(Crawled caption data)
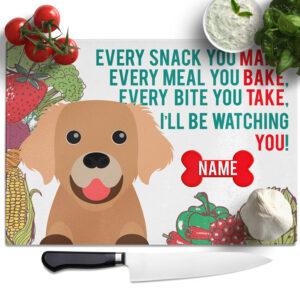 Personalised Golden Retriever Chopping Board KCB26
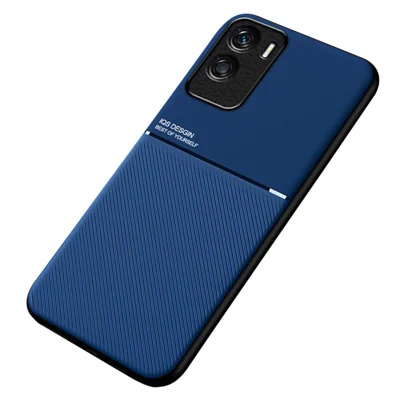 Magnetic Car Mount Phone Case for Honor X50i 5G , PU Leather+TPU Lines Imprinted Cover - Blue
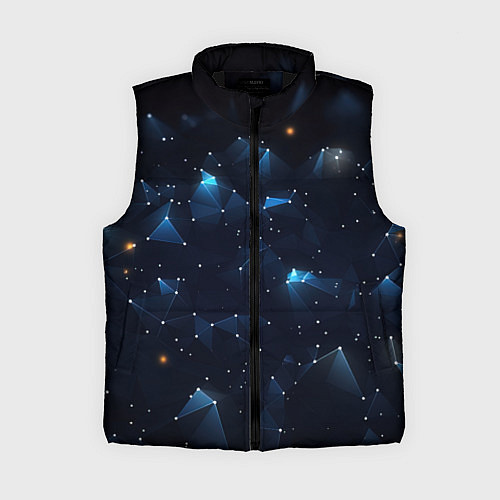 Женский жилет Синяя геометрическая абстракция / 3D-Черный – фото 1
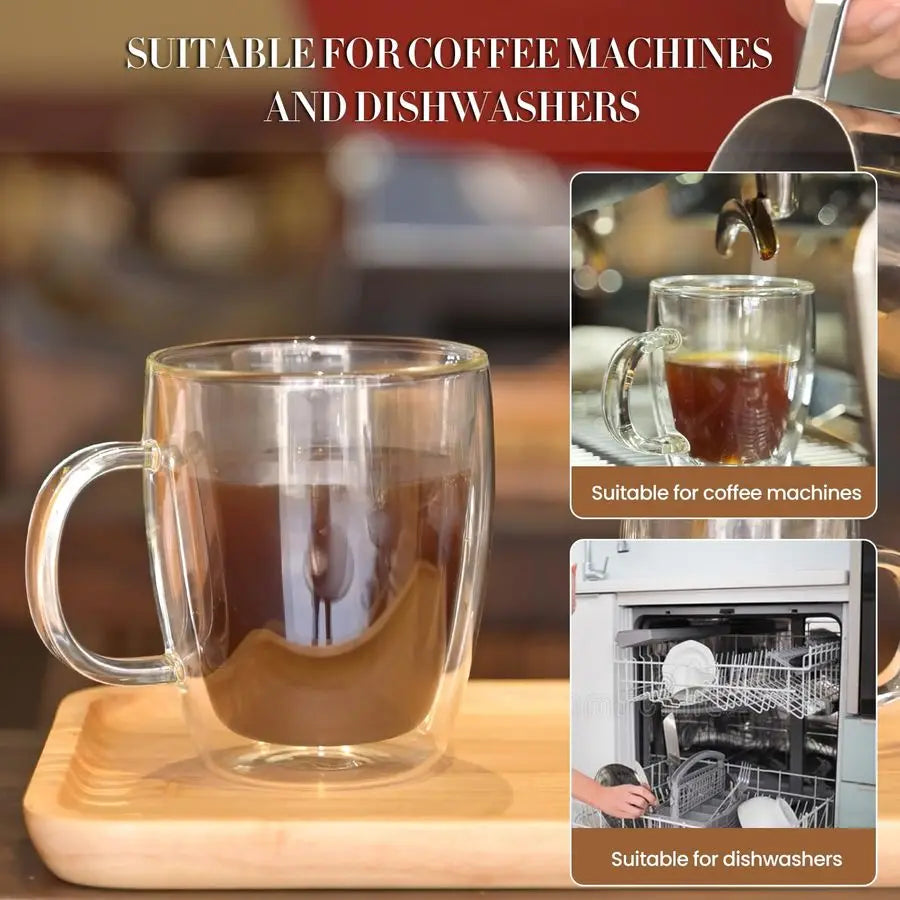 Double Wall Coffee Mugs, 4Pcak 16 OuncesClear Glass with Handle,lnsulated,Cappuccino,Tea,LatteCups,Beverage Glasses Heat Resista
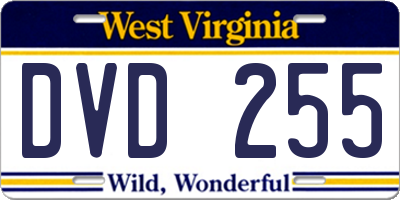 WV license plate DVD255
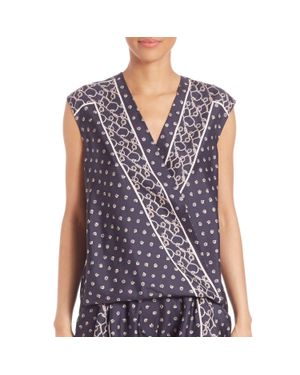 3.1 Phillip Lim Silk Scarf Printed Top - Blue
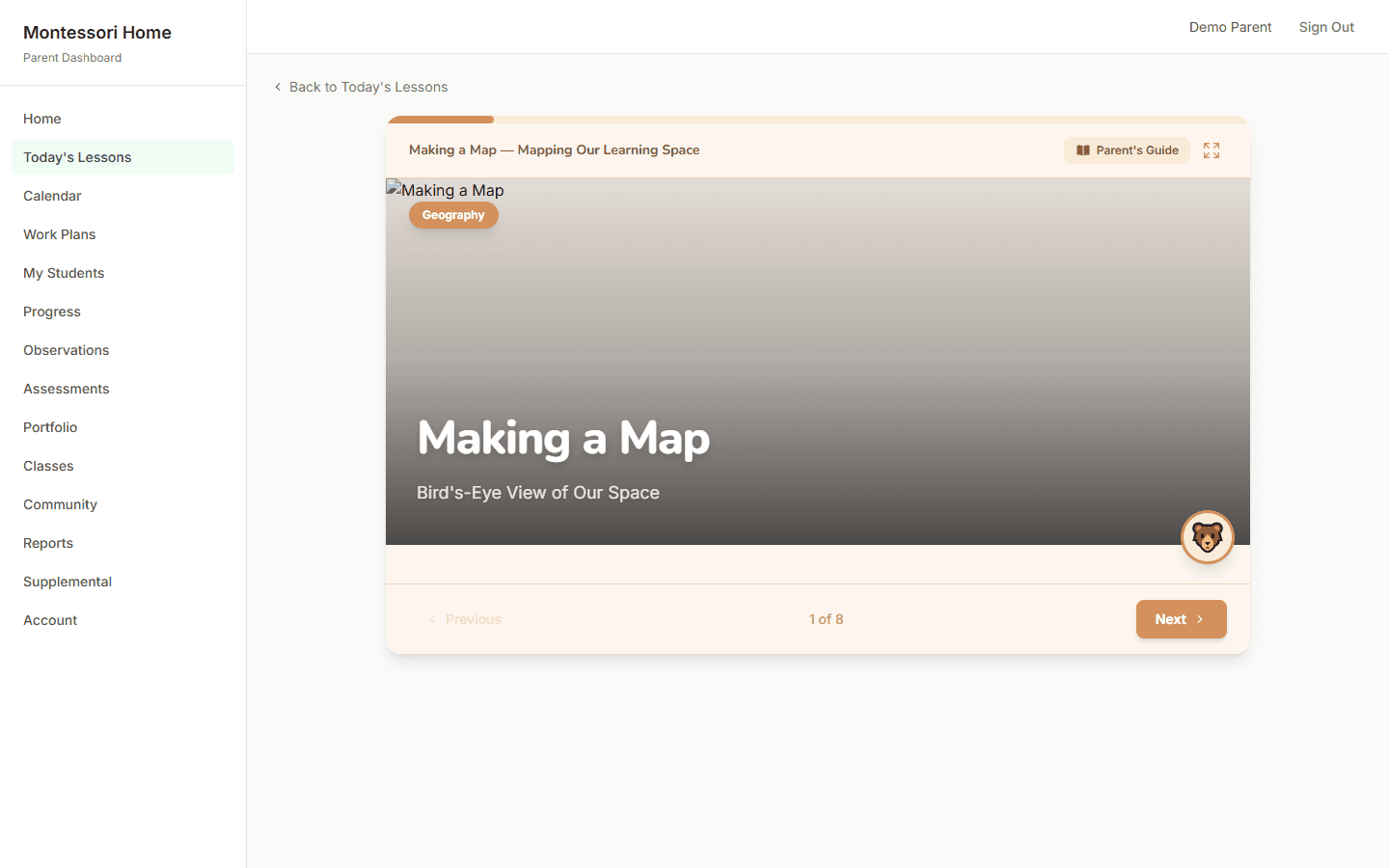 Lesson slide player showing a Geography title slide with contextual photo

#### Task statement
Set the lines above down again, word for word, from the first through the one containing "WV license plate DVD255"; pictures excluded.

#### Problem solution
 Personalised Golden Retriever Chopping Board KCB26
 Magnetic Car Mount Phone Case for Honor X50i 5G , PU Leather+TPU Lines Imprinted Cover - Blue
 Женский жилет Синяя геометрическая абстракция / 3D-Черный – фото 1
 Double Wall Coffee Mugs, 4Pcak 16 OuncesClear Glass with Handle,lnsulated,Cappuccino,Tea,LatteCups,Beverage Glasses Heat Resista
 WV license plate DVD255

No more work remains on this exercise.